DPUBMSDA menyebut proses Persetujuan Bangunan Gedung (PBG) yang semestinya mencakup survei teknis diabaikan dalam banyak kasus, menyebabkan munculnya permasalahan hukum dan lingkungan.
Penanganan Banjir dan Tantangan Kewenangan
Masalah banjir, khususnya di kawasan Kali Buntung dan Desa Banjarpanji, menjadi sorotan utama. Kali Buntung disebut sebagai salah satu titik banjir kronis yang sulit diatasi karena adanya tumpang tindih kewenangan antara pemerintah kabupaten dan balai besar di tingkat provinsi maupun pusat.

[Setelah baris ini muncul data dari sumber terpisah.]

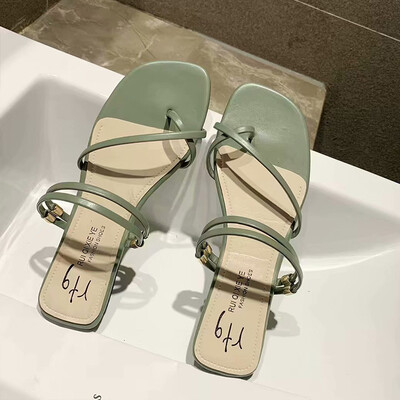 

Shoes Xia 2019 new Korean version of fairy style students flat bottom with a set of toes thick heel Roman sandals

“Ini bukan semata soal teknis, tetapi juga persoalan administratif. Kewenangan kami terbatas, sedangkan dampaknya langsung dirasakan masyarakat,” ungkap Adam Rusydi.
Untuk mengatasi hal tersebut, DPUBMSDA terus mendorong sinergi lintas sektor dengan kementerian, provinsi, kabupaten, hingga tingkat desa dan RT/RW. Program normalisasi sungai juga terus dijalankan, terutama di wilayah barat Sidoarjo yang kerap tergenang saat musim hujan.

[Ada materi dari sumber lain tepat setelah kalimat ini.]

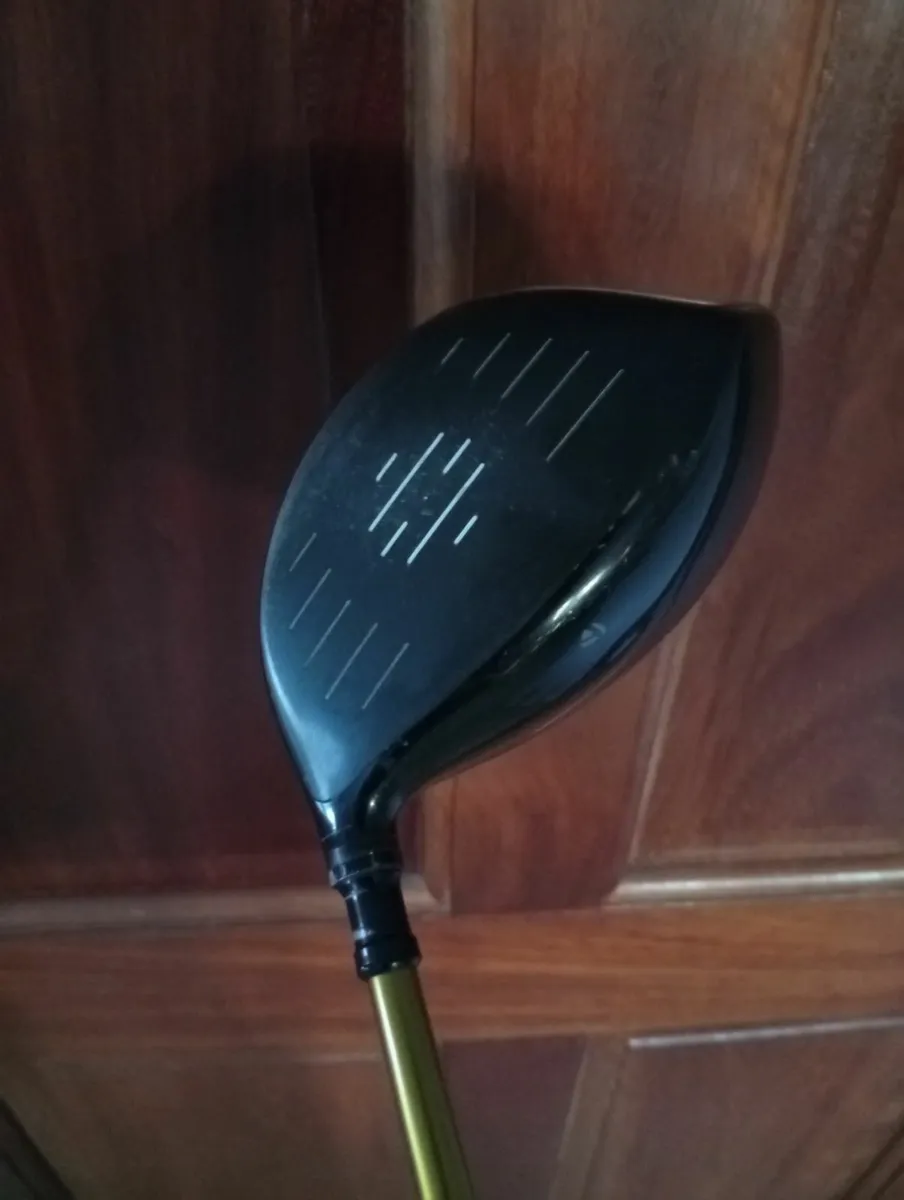 TaylorMade R9 SuperTri 10.5 Degree Driver - Image 1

Peran Mahasiswa dalam Pengawasan Tata Ruang
Dalam forum tersebut, HIMMAPIK menyoroti pentingnya transparansi dan keterbukaan informasi dalam pengelolaan tata ruang serta perlunya penegakan hukum yang adil terhadap pelanggaran pembangunan.
“Hearing ini memberi kami gambaran langsung tentang bagaimana kebijakan publik diimplementasikan. Ini menjadi pengalaman lapangan yang sangat berharga,” ujar salah satu anggota HIMMAPIK.

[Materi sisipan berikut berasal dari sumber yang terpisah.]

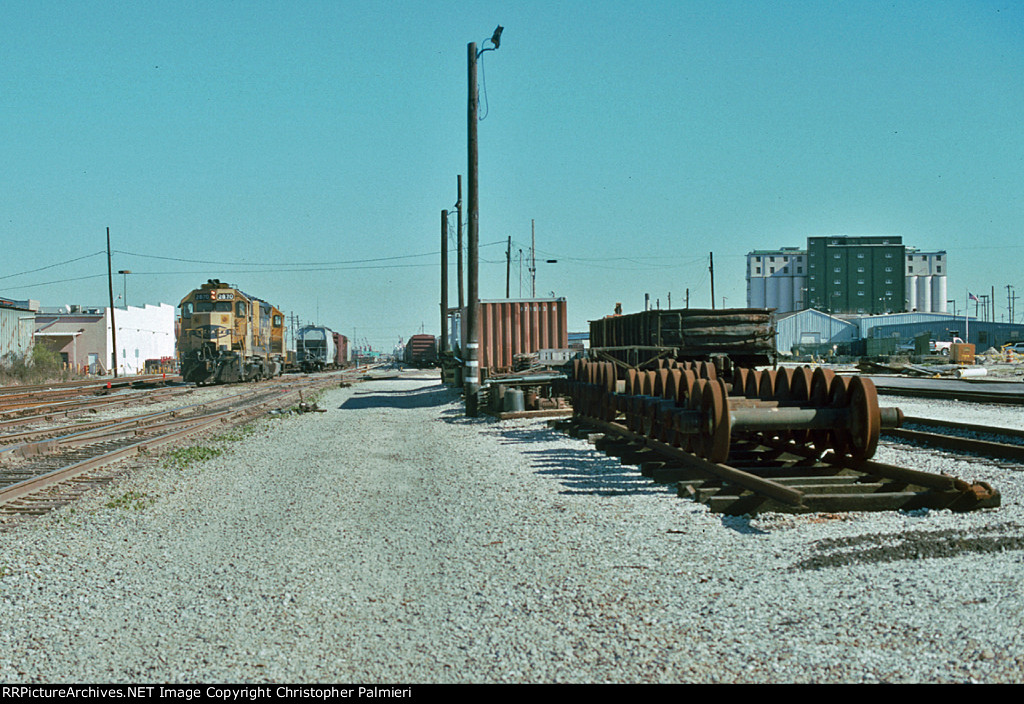 BNSF Train M-NOHO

Mahasiswa juga mendorong agar edukasi kepada masyarakat diperkuat, khususnya terkait dampak membuang sampah sembarangan dan membangun tanpa izin di bantaran sungai.
Komisi C DPRD menegaskan bahwa pendekatan penanganan banjir dan tata ruang tidak bisa ditunda. Penegakan regulasi harus disertai edukasi publik dan pemberdayaan masyarakat agar perubahan yang dicapai bersifat berkelanjutan.